If you plan on heading west on 26th Street during working hours in the next couple of months, be forewarned that you’re likely to run into sporadic lane reductions to accommodate a water main project that will extend from roughly Hainsworth Avenue to Lewe Court.

On Sept. 7, trustees voted 5-1 to award a $400,000 construction contract to Orland Park-based Riccio Construction, the lower of two companies submitting bids for the work.

Both bids came in higher than the village engineer’s estimate of $397,850, with Riccio bidding about $451,000. The only other bid, from Trine Construction, came in at nearly $612,000.

Trustee Marybelle Mandel, who cast the lone vote against the contract, suggested the village board reject both bids and seek new ones, but Village Administrator Sue Scarpiniti said it was doubtful bids would be more competitive, since six firms picked up the village’s bid packet and just two returned bids.

In addition, seeking bids at this point would delay construction to the point that the work might not be able to be completed before cold weather set in. Village Attorney Kevin Kearney added that because half of the project is being funded by a federal Community Development Block Grant, the project must be done in the calendar year the grant was awarded.

In order to keep the project within the $400,000 budget set by the village, the scope of work was reduced.

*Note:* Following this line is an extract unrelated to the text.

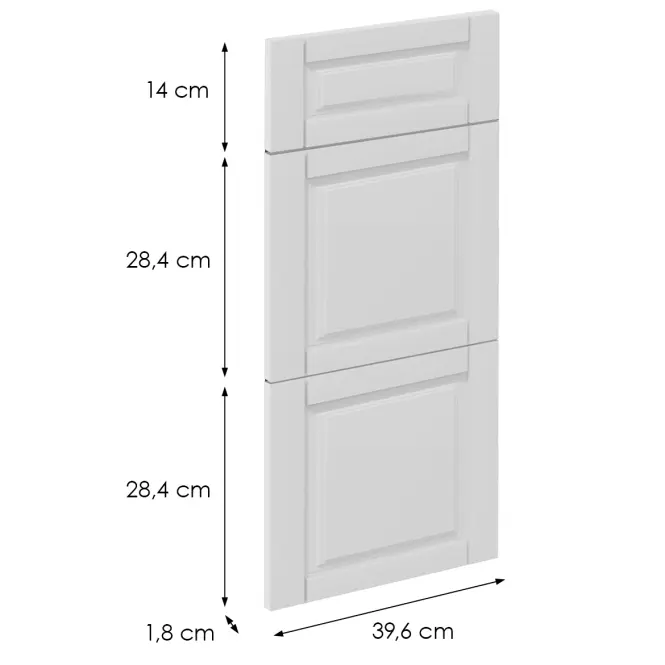 Čelo skrinky Luxeo F13-D40S3-AX hampton white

What may have driven some bidders away is that, for water main work, the North Riverside project is not typical. Instead of installing a new water main, the village is actually switching about two dozen water service lines from an old 8-inch main under the north half of 26th Street to a newer 12-inch water main located under the north sidewalk.

The 8-inch main is approximately 80 to 90 years old, according to Public Works Director Tim Kutt and has been a maintenance problem. The 12-inch main is probably 40 to 50 years old.

Work is tentatively scheduled to begin Sept. 27, said Kutt, and will impact westbound traffic and the north sidewalk during the eight weeks of construction. Sidewalk squares will need to be removed and replaced where service lines from properties will connect to the 12-inch water main. The service lines running from the 8-inch main will then be sealed and abandoned in place.

“We’re trying to minimize the time people will be without water,” Kutt said.

Kutt said he expects rolling lane closures in the westbound curb lane along 26th Street as crews move from service line to service line along the main.

Workers will also need to cut several holes into the roadway in order to cap valves where the 8-inch main connects to north/south water mains for residential side streets. At the end of the project workers will also need to open small sections of 26th Street to cap each end of the 8-inch main before abandoning it in place.